→ Goal of the exercise:
Repeat exactly, and only, the lines of the entries below from the one with "Maybelline Sunkisser Multi-Use" through the one with "THE SUPERMADE Black", both ends included.

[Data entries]
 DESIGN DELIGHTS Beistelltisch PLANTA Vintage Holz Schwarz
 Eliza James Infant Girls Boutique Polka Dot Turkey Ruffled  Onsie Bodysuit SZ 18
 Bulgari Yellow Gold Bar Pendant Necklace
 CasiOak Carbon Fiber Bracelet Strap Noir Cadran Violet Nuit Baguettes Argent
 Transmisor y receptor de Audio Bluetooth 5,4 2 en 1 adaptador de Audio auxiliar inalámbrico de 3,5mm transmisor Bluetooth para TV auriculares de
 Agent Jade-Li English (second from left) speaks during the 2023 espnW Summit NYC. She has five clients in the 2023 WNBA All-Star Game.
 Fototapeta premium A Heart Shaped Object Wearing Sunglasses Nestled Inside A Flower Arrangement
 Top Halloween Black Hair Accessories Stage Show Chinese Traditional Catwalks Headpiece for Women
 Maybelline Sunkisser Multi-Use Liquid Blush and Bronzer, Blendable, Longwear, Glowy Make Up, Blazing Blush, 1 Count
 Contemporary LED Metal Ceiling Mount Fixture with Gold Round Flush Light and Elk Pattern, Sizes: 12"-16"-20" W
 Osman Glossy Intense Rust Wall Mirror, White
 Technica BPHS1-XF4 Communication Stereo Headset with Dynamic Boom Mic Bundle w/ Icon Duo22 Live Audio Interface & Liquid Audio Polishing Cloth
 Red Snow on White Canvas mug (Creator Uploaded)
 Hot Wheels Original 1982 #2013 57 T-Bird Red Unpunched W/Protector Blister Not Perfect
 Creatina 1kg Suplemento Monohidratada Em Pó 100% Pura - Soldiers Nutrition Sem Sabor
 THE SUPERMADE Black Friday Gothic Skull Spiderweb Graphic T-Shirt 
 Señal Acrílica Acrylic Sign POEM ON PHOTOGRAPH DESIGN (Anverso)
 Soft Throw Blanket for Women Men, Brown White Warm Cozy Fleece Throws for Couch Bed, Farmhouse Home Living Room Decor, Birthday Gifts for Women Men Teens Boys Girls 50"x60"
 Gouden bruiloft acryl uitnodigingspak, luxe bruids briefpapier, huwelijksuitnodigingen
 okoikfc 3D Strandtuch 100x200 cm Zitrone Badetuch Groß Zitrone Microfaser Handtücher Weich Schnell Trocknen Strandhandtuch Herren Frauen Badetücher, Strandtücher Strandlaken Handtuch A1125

→ Exercise solution:
 Maybelline Sunkisser Multi-Use Liquid Blush and Bronzer, Blendable, Longwear, Glowy Make Up, Blazing Blush, 1 Count
 Contemporary LED Metal Ceiling Mount Fixture with Gold Round Flush Light and Elk Pattern, Sizes: 12"-16"-20" W
 Osman Glossy Intense Rust Wall Mirror, White
 Technica BPHS1-XF4 Communication Stereo Headset with Dynamic Boom Mic Bundle w/ Icon Duo22 Live Audio Interface & Liquid Audio Polishing Cloth
 Red Snow on White Canvas mug (Creator Uploaded)
 Hot Wheels Original 1982 #2013 57 T-Bird Red Unpunched W/Protector Blister Not Perfect
 Creatina 1kg Suplemento Monohidratada Em Pó 100% Pura - Soldiers Nutrition Sem Sabor
 THE SUPERMADE Black Friday Gothic Skull Spiderweb Graphic T-Shirt 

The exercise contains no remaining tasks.